In one embodiment, the second base material 106 rests on a portion of the first base material 102 and/or the conducting layer 100 which is not depressed, so that the second electrode 107 extends into the recess. In another embodiment, there is a spacer (not shown) between the first and second base materials 102, 106. In this embodiment, the second electrode 107 may or may not extend into the recess. In any case, the first and second electrodes 105, 107 do not make contact, otherwise the two electrodes would be shorted.

The depth of the recess 104 and the volume of the conductive layer 100, sensing layer 32, and the portion, if any, of the second electrode 107 in the recess 104 determines the volume of the measurement zone. Thus, the predictability of the volume of the measurement zone relies on the extent to which the formation of the recess 104 is uniform.

In addition to the conducting layer 100, a sorbent layer 103, described in detail below, may be deposited on the base material 102 prior to forming the recess 104, as shown in FIG. 14A. The sorbent material 103 may be indented, embossed, or otherwise deformed with the conducting layer 100 and base material 102, as shown in FIG. 14B. Alternatively, the sorbent material 103 may be deposited after the conducting layer 100 and base material 102 are indented, embossed, or otherwise deformed to make the recess 104.

In another exemplary method for forming the analyte sensor, a recess 114 is formed in a first base material 112, as shown in FIGS. 13A and 13B. The recess may be formed by indenting, embossing, etching (e.g., using photolithographic methods or laser removal of a portion of the base material), or otherwise deforming or removing a portion of the base material 112. Then a first conducting layer 110 is formed in the recess 114. Any of the conductive materials discussed above may be used. A preferred material is a conductive ink, such as a conductive carbon ink available, for example, from Ercon, Inc. (Wareham, Mass.). The conductive ink typically contains metal or carbon dissolved or dispersed in a solvent or dispersant. When the solvent or dispersant is removed, the metal or carbon forms a conductive layer 110 that can then be used as a first electrode 115. A second electrode 117 can be formed on a second base material 116 and positioned over the recess 114, as described above. In embodiments having a non-leachable redox mediator, a sensing layer 32 is formed on the first electrode 115 to form a working electrode, as shown in FIG. 13B. In other embodiments having a non-leachable redox mediator, the sensing layer 32 may be formed on the second electrode 117 to form a working electrode.

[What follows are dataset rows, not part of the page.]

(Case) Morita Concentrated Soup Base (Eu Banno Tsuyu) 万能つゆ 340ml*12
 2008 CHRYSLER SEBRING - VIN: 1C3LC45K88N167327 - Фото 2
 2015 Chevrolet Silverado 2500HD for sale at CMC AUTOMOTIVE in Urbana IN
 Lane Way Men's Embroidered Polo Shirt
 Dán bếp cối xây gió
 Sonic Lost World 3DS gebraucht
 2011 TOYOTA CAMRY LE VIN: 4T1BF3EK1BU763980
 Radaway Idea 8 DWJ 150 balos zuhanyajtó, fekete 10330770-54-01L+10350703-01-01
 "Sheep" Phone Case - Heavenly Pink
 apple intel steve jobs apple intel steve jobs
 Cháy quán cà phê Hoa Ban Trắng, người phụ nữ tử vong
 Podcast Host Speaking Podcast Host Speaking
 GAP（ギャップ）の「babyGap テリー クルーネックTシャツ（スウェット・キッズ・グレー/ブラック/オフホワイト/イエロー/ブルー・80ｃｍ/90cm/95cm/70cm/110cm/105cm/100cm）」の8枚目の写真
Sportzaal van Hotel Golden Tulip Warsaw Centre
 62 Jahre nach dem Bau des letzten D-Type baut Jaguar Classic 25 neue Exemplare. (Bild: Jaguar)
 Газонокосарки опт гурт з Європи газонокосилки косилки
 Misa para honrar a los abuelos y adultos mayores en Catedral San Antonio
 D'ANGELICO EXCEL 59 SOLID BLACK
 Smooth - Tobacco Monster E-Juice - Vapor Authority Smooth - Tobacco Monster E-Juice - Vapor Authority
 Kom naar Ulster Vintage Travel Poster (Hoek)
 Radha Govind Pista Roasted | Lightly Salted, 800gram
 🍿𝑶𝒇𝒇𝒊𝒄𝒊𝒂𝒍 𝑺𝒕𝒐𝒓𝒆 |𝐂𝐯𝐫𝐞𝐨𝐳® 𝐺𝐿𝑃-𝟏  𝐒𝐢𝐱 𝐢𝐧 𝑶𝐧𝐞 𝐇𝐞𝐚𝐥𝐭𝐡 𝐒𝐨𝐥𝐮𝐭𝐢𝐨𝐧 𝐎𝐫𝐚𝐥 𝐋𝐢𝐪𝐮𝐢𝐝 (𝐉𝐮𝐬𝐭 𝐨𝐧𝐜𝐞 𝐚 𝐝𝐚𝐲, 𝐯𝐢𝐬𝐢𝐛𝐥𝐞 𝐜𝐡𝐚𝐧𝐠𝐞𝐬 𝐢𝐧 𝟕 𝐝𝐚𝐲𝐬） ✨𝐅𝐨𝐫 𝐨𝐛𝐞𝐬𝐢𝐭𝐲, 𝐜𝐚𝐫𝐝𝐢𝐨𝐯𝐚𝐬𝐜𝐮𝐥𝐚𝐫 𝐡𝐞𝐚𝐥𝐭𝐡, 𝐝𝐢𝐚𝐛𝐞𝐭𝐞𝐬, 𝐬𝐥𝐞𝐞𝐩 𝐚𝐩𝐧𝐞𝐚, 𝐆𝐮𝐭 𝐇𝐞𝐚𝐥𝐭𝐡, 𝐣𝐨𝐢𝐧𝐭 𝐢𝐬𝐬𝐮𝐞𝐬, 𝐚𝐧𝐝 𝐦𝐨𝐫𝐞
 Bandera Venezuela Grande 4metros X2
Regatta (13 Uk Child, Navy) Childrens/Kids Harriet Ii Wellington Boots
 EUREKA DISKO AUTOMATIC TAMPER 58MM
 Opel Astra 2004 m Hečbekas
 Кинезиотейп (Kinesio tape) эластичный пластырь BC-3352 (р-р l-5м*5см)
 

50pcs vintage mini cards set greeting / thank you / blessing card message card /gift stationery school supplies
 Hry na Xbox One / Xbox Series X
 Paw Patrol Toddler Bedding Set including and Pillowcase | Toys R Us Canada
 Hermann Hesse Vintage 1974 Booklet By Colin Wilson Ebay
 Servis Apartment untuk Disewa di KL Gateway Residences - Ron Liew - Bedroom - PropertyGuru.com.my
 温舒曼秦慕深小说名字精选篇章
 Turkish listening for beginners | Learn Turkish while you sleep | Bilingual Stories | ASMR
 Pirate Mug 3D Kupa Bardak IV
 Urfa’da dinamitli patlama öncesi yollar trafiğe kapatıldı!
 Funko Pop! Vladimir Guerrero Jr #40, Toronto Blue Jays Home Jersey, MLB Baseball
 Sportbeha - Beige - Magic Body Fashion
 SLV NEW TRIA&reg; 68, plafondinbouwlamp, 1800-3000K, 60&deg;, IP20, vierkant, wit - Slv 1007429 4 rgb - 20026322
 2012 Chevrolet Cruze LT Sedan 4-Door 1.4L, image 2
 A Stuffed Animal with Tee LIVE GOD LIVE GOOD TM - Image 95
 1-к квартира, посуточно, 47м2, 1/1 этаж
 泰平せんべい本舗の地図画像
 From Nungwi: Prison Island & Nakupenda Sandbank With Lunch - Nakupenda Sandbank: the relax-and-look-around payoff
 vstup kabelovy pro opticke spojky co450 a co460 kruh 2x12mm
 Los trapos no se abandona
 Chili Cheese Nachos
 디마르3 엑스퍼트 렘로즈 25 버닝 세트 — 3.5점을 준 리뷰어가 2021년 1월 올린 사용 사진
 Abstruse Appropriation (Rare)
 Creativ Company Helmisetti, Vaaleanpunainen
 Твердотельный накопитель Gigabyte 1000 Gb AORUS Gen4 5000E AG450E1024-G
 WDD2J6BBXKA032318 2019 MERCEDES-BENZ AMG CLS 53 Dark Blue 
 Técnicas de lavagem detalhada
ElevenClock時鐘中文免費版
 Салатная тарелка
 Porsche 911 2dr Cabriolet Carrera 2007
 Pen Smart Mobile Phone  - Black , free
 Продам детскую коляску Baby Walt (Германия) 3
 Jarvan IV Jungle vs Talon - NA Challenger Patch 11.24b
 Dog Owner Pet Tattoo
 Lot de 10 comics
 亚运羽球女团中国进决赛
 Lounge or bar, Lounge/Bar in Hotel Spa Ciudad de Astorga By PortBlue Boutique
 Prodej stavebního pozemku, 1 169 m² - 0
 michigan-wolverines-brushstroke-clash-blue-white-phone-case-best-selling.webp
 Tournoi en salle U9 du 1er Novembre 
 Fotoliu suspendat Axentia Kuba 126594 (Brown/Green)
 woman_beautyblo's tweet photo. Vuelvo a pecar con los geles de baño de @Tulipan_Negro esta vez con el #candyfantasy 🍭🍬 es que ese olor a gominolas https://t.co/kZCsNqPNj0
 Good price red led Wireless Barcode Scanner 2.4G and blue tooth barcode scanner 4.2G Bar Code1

Alternatively, if a diffusible redox mediator is used, then the working electrode need not include the sensing layer disposed thereon. In fact, no sensing layer is required because the redox mediator may be placed in the sample and likewise for a diffusible second electron transfer agent, if one is present. Any diffusible components may be independently disposed on any surface of the sample chamber or placed in the sample. Furthermore, a sorbent material (not shown) may be formed within the recess, for example, on the first electrode 115.

A binder, such as a polyurethane resin, cellulose derivative, elastomer (e.g., silicones, polymeric dienes, or acrylonitrile-butadiene-styrene (ABS) resins), highly fluorinated polymer, or the like, may also be included in the conductive ink. Curing the binder may increase the conductivity of the conductive layer 110, however, curing is not necessary. The method of curing the binder may depend on the nature of the particular binder that is used. Some binders are cured by heat and/or ultraviolet light.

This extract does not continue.